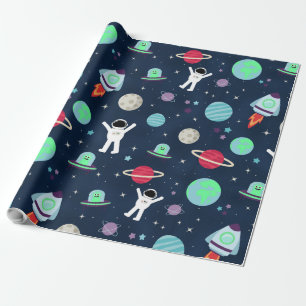 Weltraummuster-Illustration Geschenkpapier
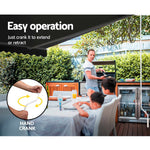 Folding Arm Awning Outdoor Awning Canopy Retractable 5Mx2.5M Grey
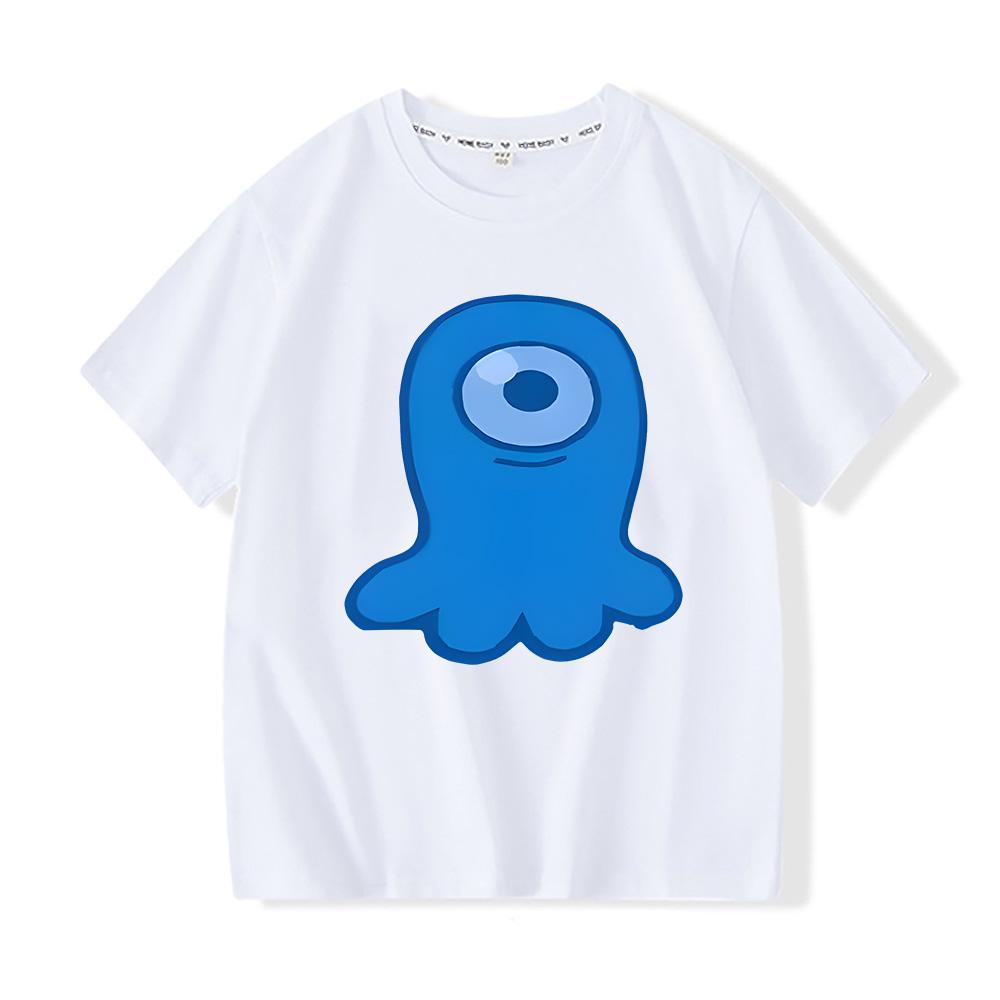 

Cute Octopus Cartoon T-shirt Kids Costume Children T Shirt Print Clothes for Boys Girls Summer Short Sleeve Tees 100 белый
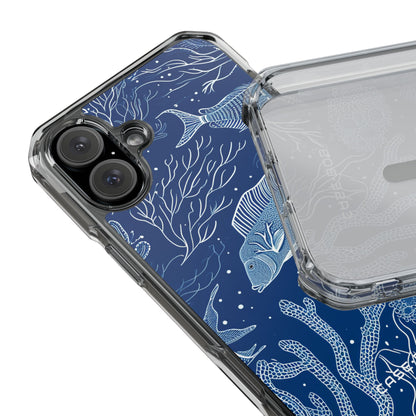 Navy Scale Reef iPhone 16 Plus Case - Impact
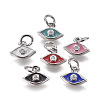 Brass Micro Pave Cubic Zirconia Pendants ZIRC-I026-04P-1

____________________

The problem:
Transcribe exactly the lines from the one with "Navy Scale Reef iPhone 16 Plus Case - Impact" to the last line of the records, both included, so that no picture appears in the copy.

Finished exercise:
 Navy Scale Reef iPhone 16 Plus Case - Impact
 Brass Micro Pave Cubic Zirconia Pendants ZIRC-I026-04P-1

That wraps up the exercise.